3.3.1 Map the current obstacles to change

Before beginning any advocacy initiative, it is essential to understand the obstacles and challenges to moving the process in the direction you intend. The challenges vary but common types include

  • a relatively closed decision-making process
  • a government that does not share the same values or protect the same interests as you
  • a policy issue that is not on the government agenda
  • a lack of knowledge or understanding among a certain audience of the problem or potential solutions
  • a lack of data to support decision-making or even a complete absence of research in your policy area

Starting from a focus on the obstacles ahead immediately contextualizes your research results and proposals, thus beginning the shift from researcher to advocate. Knowing these obstacles and challenges helps you to be realistic about what kind of change your advocacy can be expected to bring and focuses your advocacy messages and activities to address such challenges.

Mapping the current obstacles allows you to see the potential for policy change.

In the following case, the significant obstacles identified played a major role in determining how to approach the advocacy campaign and deciding what was achievable in that challenging context. The issues of leverage and advocacy objective are also included in the box as all three are interconnected and the insights from the other two are needed to make sense of the third.

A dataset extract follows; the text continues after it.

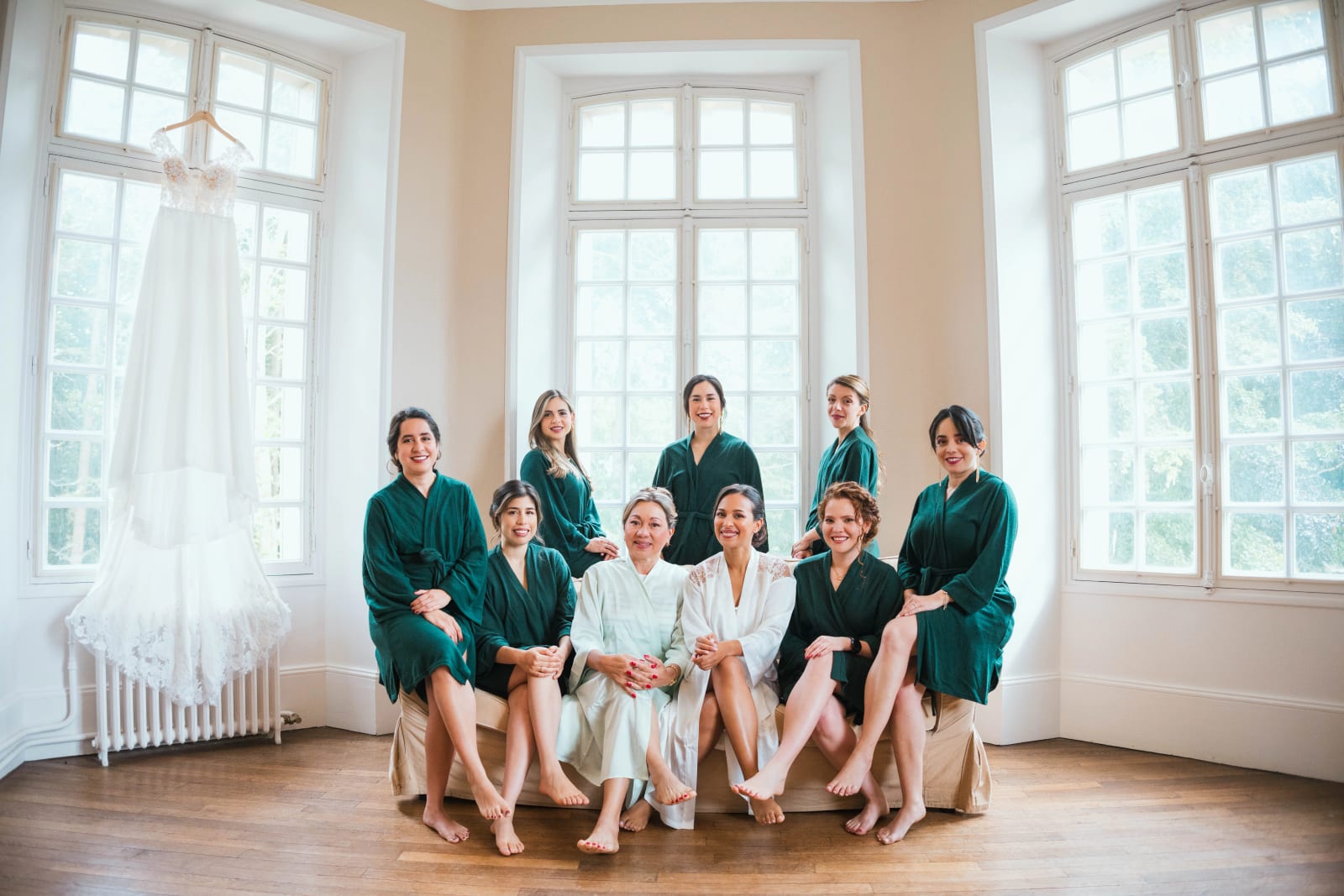 Les demoiselles d'honneur en peignoirs vert émeraude posent autour d'Ana et d'une proche en peignoir clair, la robe de mariée suspendue à gauche, dans un grand salon du château, mariage au Domaine d'Orgival, par Jean-Baptiste Argyre (Jaysphotography)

Case 2: Kosovo (UNSCR 1244)

Reorganization of local administrative units in Mitrovica (2003–2006)
Think tank (European Stability Initiative)

Mapping the obstacles/challenges:
The obstacles in this case seemed insurmountable at the beginning. The European Stability Initiative had previously avoided working in Kosovo (UNSCR 1244) since so many international organizations, NGOs, and media had been working, writing and thinking about the challenges, especially after NATO’s intervention in 1999. However, being an organization that was focused on the Balkans, at a certain point it became time to work on the issue.

By 2003, Mitrovica had become the leitmotif of the conflict with the two ethnic populations living separately across the Ibar river and protected from each other by UN troops. It was also the only significant urban population of Serbs left in Kosovo (UNSCR 1244). The problem was seen as a security issue, with the Serbs in the north of the town demanding that a separate administrative unit be established for them. The administrations in Pristina and Belgrade as well as the international community and the media were also very focused on the events in the town with the prospect of talks about the “final status” or independence of Kosovo (UNSCR 1244) in the background. The process was at a stalemate within the framework of this highly charged security discussion.

Assessing the leverage:
Reframing of the problem away from just a security issue to a basic survival issue for the town was pivotal to the success of this advocacy initiative. The European Stability Initiative’s approach to researching any situation is to first gather the most basic socioeconomic data; once they collected the data from Mitrovica, both the demographic information and the sources of income in the town showed that the town had no future after the conflict was over and outside subsidies dwindled away. By highlighting this dramatic sustainability problem, immediately local politicians took note and began to talk about ways to solve this local problem—a big turning point in the discussion.

In addition to the research, other elements contributed to making this change:
- The European Stability Initiative had built a strong reputation as a provider of quality research for the region.
- They had been directly contracted by the UN as an evaluation unit in Kosovo (UNSCR 1244), allowing them access to the de facto government and all local networks.
- They also had a strong and established network of experts, opinion leaders, academics, and politicians on both sides of the conflict and built strong relationships with the spokespeople on both sides.
- They had strong links to the international community actors, the diplomatic community, and local and international media in Kosovo (UNSCR 1244).
- Their whole team made a huge effort over a year to mediate and push this decision by producing multiple policy papers, holding a number of conferences, and continually meeting all the actors and responding to the challenges as they emerged.
- The fact that the process was stuck for so long around a security discussion was indeed a challenge and an opportunity once ESI reset the agenda and broke the deadlock.

Setting a feasible advocacy objective:
Having defined the problem as a local issue, the solutions they defined were also local: to allow a separate administrative unit to be established in the north of the town for the predominantly Serb population, but only on the conditions that freedom of movement between the two parts of the town was returned, full property rights were to be respected, and local economic development planning would be done together. The European Stability Initiative went through many stages of first getting this problem and an associated solution on the table in public, media, and expert discussions. It then went through a lengthy and difficult convincing and bargaining phase, and in the end the proposals were written into the independence plan for Kosovo (UNSCR 1244)—the Ahtisaari Plan.